I didn't mean to offend you. But when I read the part about your puppy being a "hurt dog", the first mental image I had was your puppy sitting in front of a psychiatrist, who was leaning in and asking your puppy how he felt.
Maybe it is my past career as a crisis counselor coming back to haunt me. You know, the "hurt child" living in the adult? 
Sheilah


----------



## gmcenroe (Oct 23, 2007)

My Juli was an alligator for first few months. There are some stickies on how to address this behavior. Redirect to toys. I tried the yelping to indicate pain but that didn't do much good after one day. Eventually they learn bite inhibition and their bites become mouthing kisses with very light pressure from their teeth. I pretty much wore long sleeves to minimize the cuts. Her favorites were my pant legs, shoelaces and arms (good preparation for biting the sleeve  ). Also I found that if you get on the floor with them at their level its an invitation for play biting session. Stay above them and they will only be able to get your legs. Also if you wrestle them down when they bite they love this, now you are playing with them and inviting more bites and higher excitement level. Keeping them on a leash in the house so they have limited freedom also helps. Then you can control their behavior before something bad happens. Eventually it will all stop usually before they start teething and get the big teeth. If they still bite at 6 months more drastic methods are necessary. By then they usually know what to bite besides people unless commanded too.


----------



## BJDimock (Sep 14, 2008)

Your east german alligator was a love!!! So he has already made up his mind!!! He was teaching Frodo how to be a man!!! (Poor little Frodo, in a house full of dominate girls!)


----------



## momtoduke (Sep 29, 2008)

> Originally Posted By: sit,stay
> I didn't mean to offend you. But when I read the part about your puppy being a "hurt dog", the first mental image I had was your puppy sitting in front of a psychiatrist, who was leaning in and asking your puppy how he felt.
> Maybe it is my past career as a crisis counselor coming back to haunt me. You know, the "hurt child" living in the adult?
> Sheilah


No, actually I dont have any idea about the hurt child living in the adult. I have never heard of that saying. 
Sometimes I do wonder if it would help Duke to have a psychiatrist maybe it would help him and me! 
Although Duke wasn't the only gsd she was talking about, she was talking about them all. She said that it is in their nature to be that way. I truely have no idea what she was talking about, all I know is she said it. If anyone would like I can ask her this week when Duke goes back to get his shot?? Then maybe I can explain it a little better. 

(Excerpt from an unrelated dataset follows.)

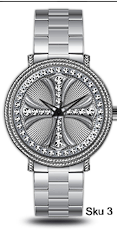 Urban Iced-Out Cross Dial Metal Band Watch - 10358-MB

As far as being offended, you havent offended me, I dont get offended, I'm pretty easy going! I have to be! But I can assure you Duke doesnt need a psychiatrist he is very well stable! I'm the one that needs the psychiatrist LOL!


----------



## KristinEnn (Oct 2, 2008)

haha.. I myself have a East German Alligator!! I have another GSD he is more american and west german lines. What a difference! She is a love for the first minute out of her crate when she is happy to seem me then attempts to dismantle my limbs.. what a sweet girl! I just keep shoving chew toys in her mouth when she does this.. or try to distract her. 
As far as your vet.. never heard ANYTHING like that before. Is this a vet you have had for your other pets too?


----------



## momtoduke (Sep 29, 2008)

yea she has been around for a while. she has been coppers vet for several years now. she is really good, and she knows he stuff! thats why i keep saying she didnt mean anything mean about that comment. 

She is a very well respected vet around here. one of the top of the line, and there are many vets here. she is in an animal rescue or is over it rather, and she does a k-9 pet walk which is awsome! duke and i didnt get to attend this year because of that sarcoptic mange but we will be next year, if the good Lord is willing!

there was a cop that came out here one time for the neighbors and pretty much said the same thing only not in those words. he wouldnt get out of the car the first time because no one was home and the next day he came looking for them i was home, and he told me he wouldnt get out, and had me to put duke inside because he said he knew what they were capable of.

I said dont they have to be trained to be capable of something like that and he laughed and said no! My dog is not mean at all, and yes it does bother me ALOT when people act like that because I know he would never hurt anyone unless they were trying to hurt his family!! probably just like 99.9% of everyones dog on this board!!


----------



## Lauri & The Gang (Jun 28, 2001)

Just so everyone remembers - she got Viper at 3 weeks of age (or was it younger?) ...

This is a problem when you have a singleton puppy or get a puppy too young. It does not have littermates to 'teach' it bite inhibition.

So - you have to be his littermate.









Every time he bites you let out a loud IPE! That's the word Ripe without the R. Make sure it's loud - you are trying to mimic the sound a puppy makes when another puppy bites too hard.

After you make this noise you will move away from Viper - just like a littermate would.


----------



## cgarrity (Apr 22, 2008)

Must mean "herding" dogs, not "hurt" dogs.


----------



## Levismomma (Mar 4, 2004)

Hi Dame508..sorry to hear about Viper biting but I went thru the same thing with Levi when he was a pup. I broke him of the habit in one day by filling a coffee can with some pennies and taping the lid on. Whenever he bit...I shook the can loudly and sternly said "no bite". He learned in one day that this was not acceptable. It worked for my husband and me. Good Luck.


----------



## Castlemaid (Jun 29, 2006)

I would caution anyone that uses the "shake a metal can full of pennies" methods as an aversive to train puppies. I know of someone who ended up with two dogs (terriers) that were terrified of any rattling, metalic noise. Just opening a soda can would send them running and hiding.


----------



## Jolynn (Oct 14, 2008)

dont let him bite you


----------



## pruettsparents (Oct 16, 2008)

> Originally Posted By: SunCzarinaI think you called it Tracy! At the NE meetup today, there were 3 puppies. 2 were well behaved adorable little loves. The third puppy was Otto, my east german alligator.


We calls ours the "land shark"! ROFL!


----------